Take that to the Bank!
And they came to Jerusalem. And he entered the temple and began to drive out those who sold and those who bought in the temple, and he overturned the tables of the money-changers and the seats of those who sold pigeons. And he would not allow anyone to carry anything through the temple. And he was teaching them and saying to them, “Is it not written, ‘My house shall be called a house of prayer for all the nations’? But you have made it a den of robbers.”
And the chief priests and the scribes heard it and were seeking a way to destroy him, for they feared him, because all the crowd was astonished at his teaching. And when evening came they went out of the city. Mark 11:15-19
“Temples in the ancient Near East owned land, had employees of all sorts, and collected taxes. All evidence suggests that the Jerusalem temple at the time of the NT fits this model…The temple also functioned as a kind of bank for the safe deposit of valuables. As a result, the temple compound functioned as a kind of economic counterpoint to Rome, a situation Caesar grudgingly allowed in order to pacify the Jews… When the Jews finally revolted against Rome in AD 66-73, a critical part of Rome’s response was to destroy the temple and with it the economic, social, and religious structures it represented.” Archeology Study Bible (p 1455)
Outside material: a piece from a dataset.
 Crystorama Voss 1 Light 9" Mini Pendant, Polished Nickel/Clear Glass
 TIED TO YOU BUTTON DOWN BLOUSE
Jesus came in to see the temple the evening before, looked around, and then headed off to Bethany for the night. The next day, after cursing the fig tree, he enters the temple compound again and goes berserk. The Rabbi drives out both seller and buyer and turns over the tables of the money-exchanging sacrifice vendors. Note he also prevents people from carrying anything through the compound (maybe even their valuables).
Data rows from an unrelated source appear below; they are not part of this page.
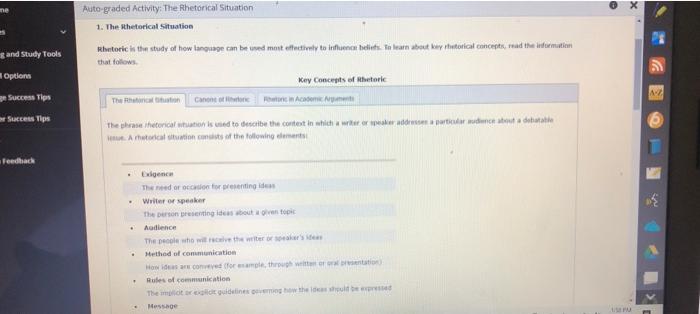 Ne Auto Graded Activity The Rhetorical Situation 1 The Rhetorical Situation And Study Tools Rhetoric Is The Study Of H 1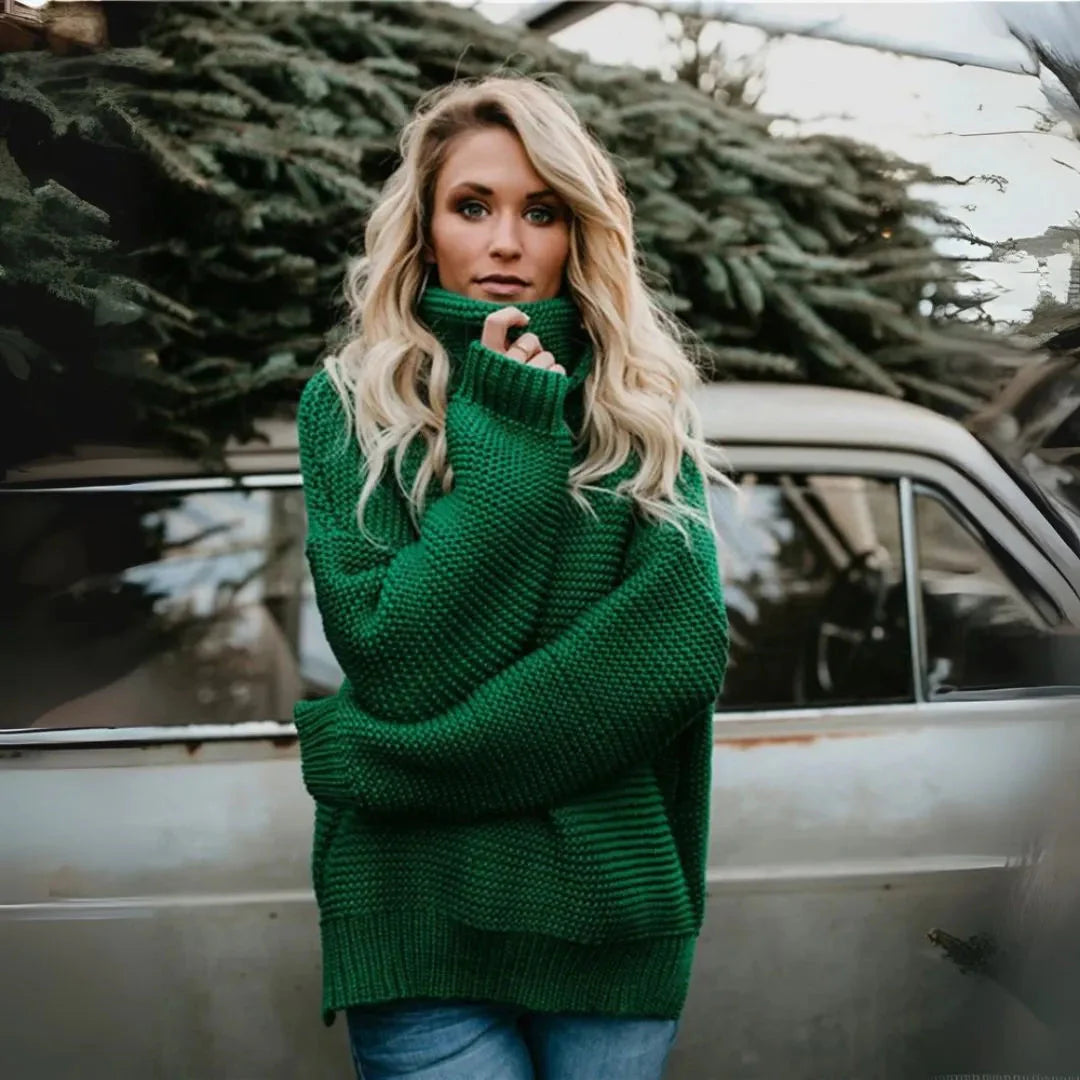 Women's oversized chunky knit turtleneck sweater relaxed fit slouchy silhouette effortless style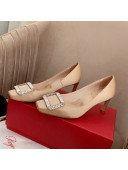 Roger Vivier Satin Crystal Buckle Pumps 7cm Beige 2022 17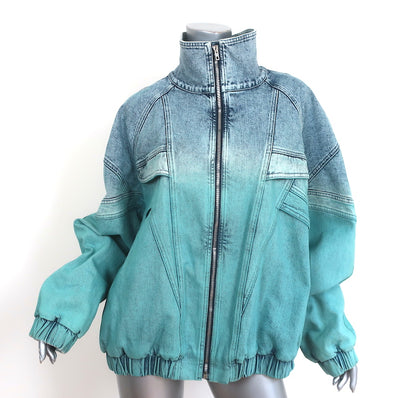 Stella McCartney Retro Denim Windbreaker Jacket Blue Ombre Size 48 NEW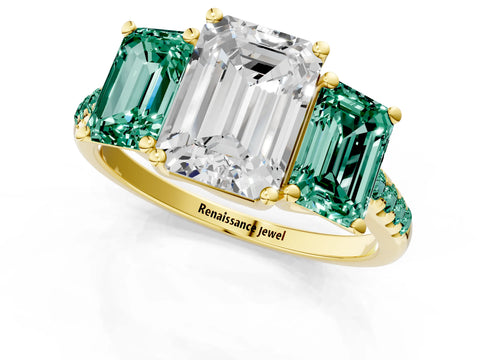 Yellow gold Three-Stone Emerald Cut Diamond Ring with Round with Green Sapphire side stone Pavé Band and Prong Setting_1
After the kerfuffle, Jesus then begins teaching from the prophets, and we receive a combo platter of Isaiah 56:7 and Jeremiah 7:11. He points out that the LORD intended the temple to be a “House of Prayer,” but the people have turned into a “den of robbers.” Ouch!
The day’s actions and teaching from our Lord don’t sit well with the chief priests and scribes and prompt them to start seeking a way to take Jesus out. Their motivation? FEAR! Jesus challenges their way of life and shakes the foundations of their power and influence before the people and Rome.
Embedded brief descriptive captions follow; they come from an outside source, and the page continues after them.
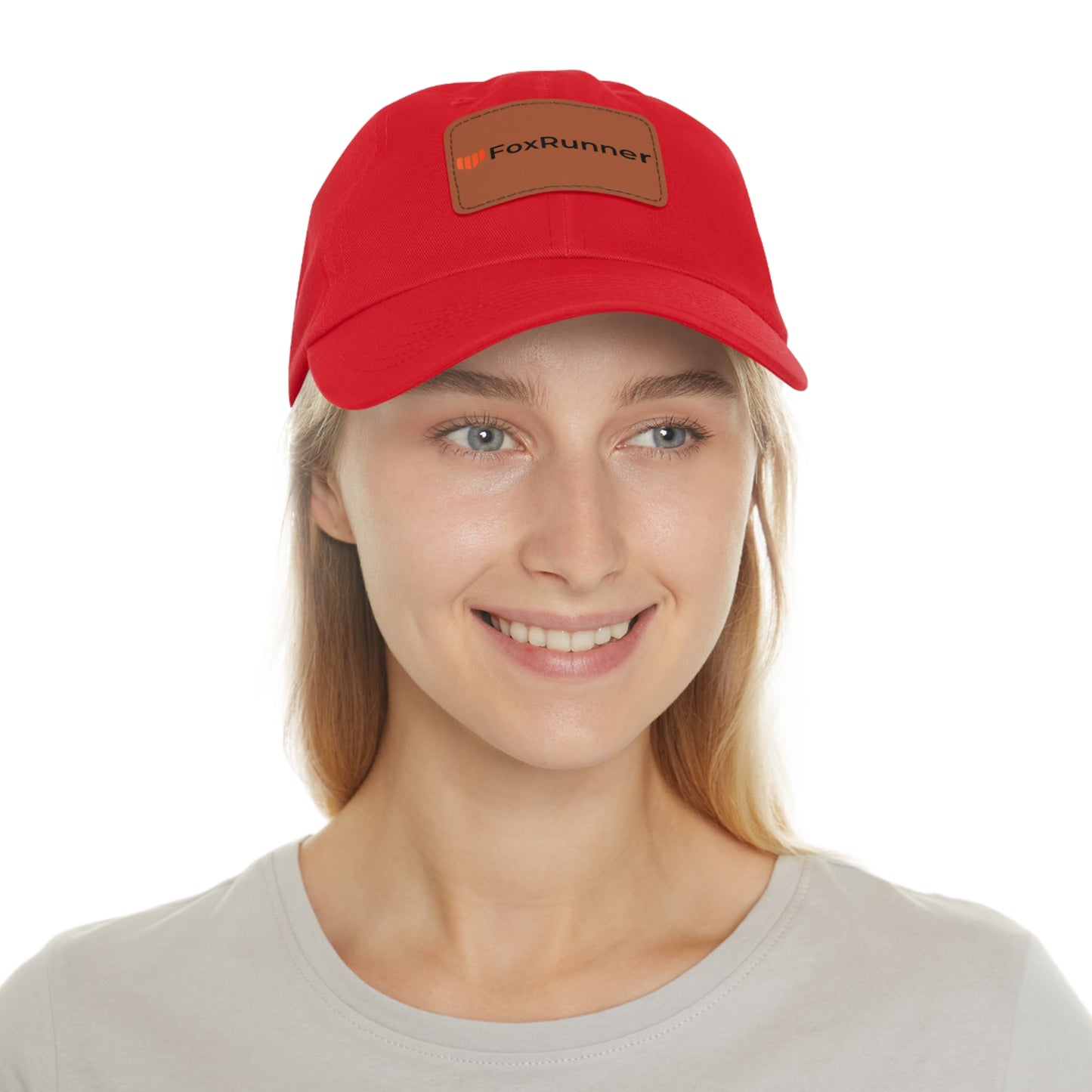 FoxRunner Leather Patch Hat — Casual Adjustable Baseball Cap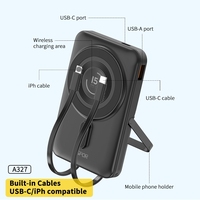 Aspor 10000mAh 15W Batterie externe magnétique sans fil avec câble intégré, batterie externe portable d'urgence pour téléphone, montre connectée A327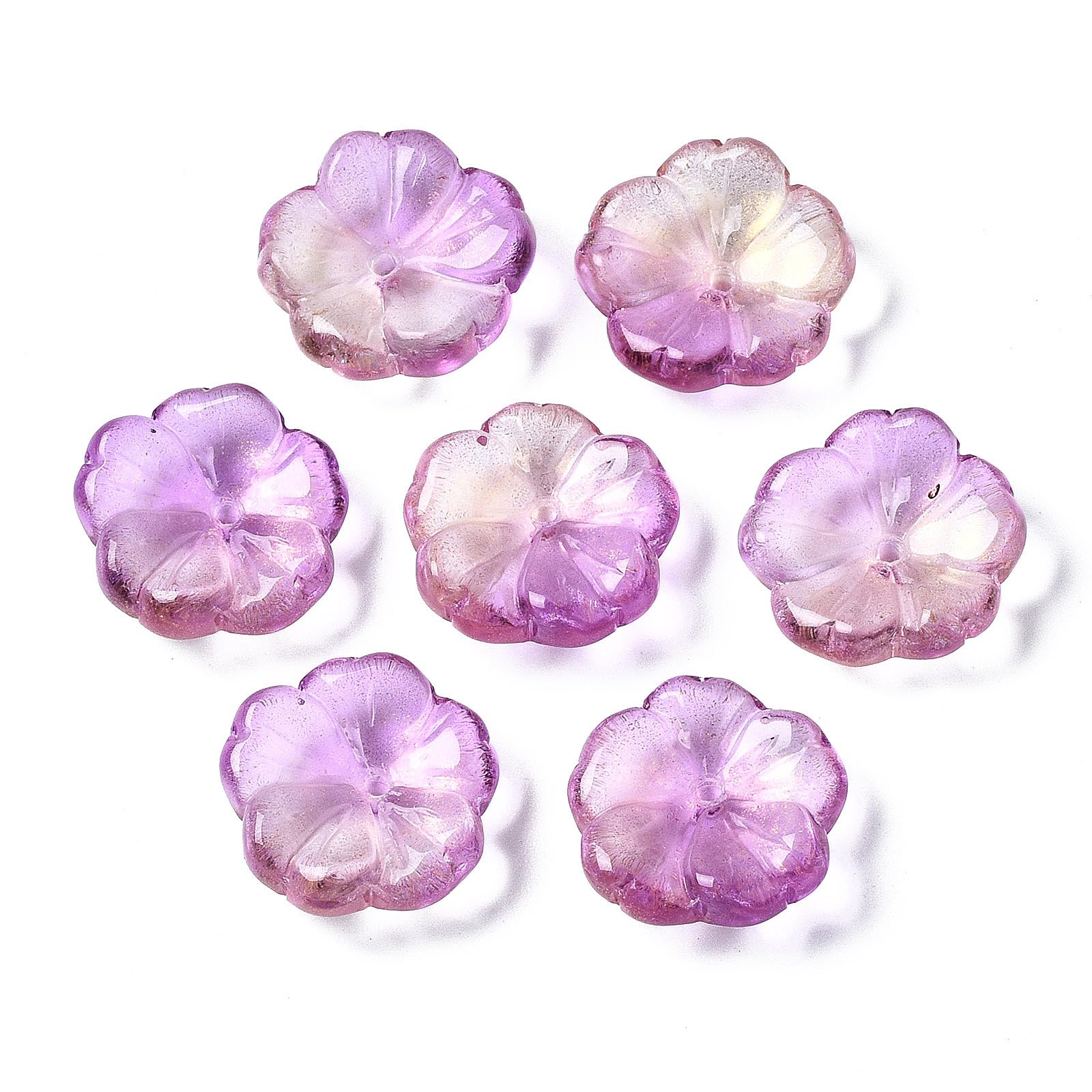 Perles en verre fleur de prune esthétiques au fini brillant pour fabrication de bijoux raffinés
If you are a member of a Christian family, does your congregation resemble a “House of Prayer” or a “Den of Thieves?” You can assess this by looking at what the focus. Is it more about the economics and socialization of its members, often seen by inward-focused programming and expenditures, or more about loving God and outward-focused ministry? The latter would lean toward the “House of Prayer.” If it’s the former, let’s just say there is work to do.
You can take that to the Bank!
Feel free to shake us up at any time! We pray we will be teachable students rather than angry people trying to hang on to power!
I pray this in the name of the ultimate “Pot-Stirrer,” Jesus Christ. Amen!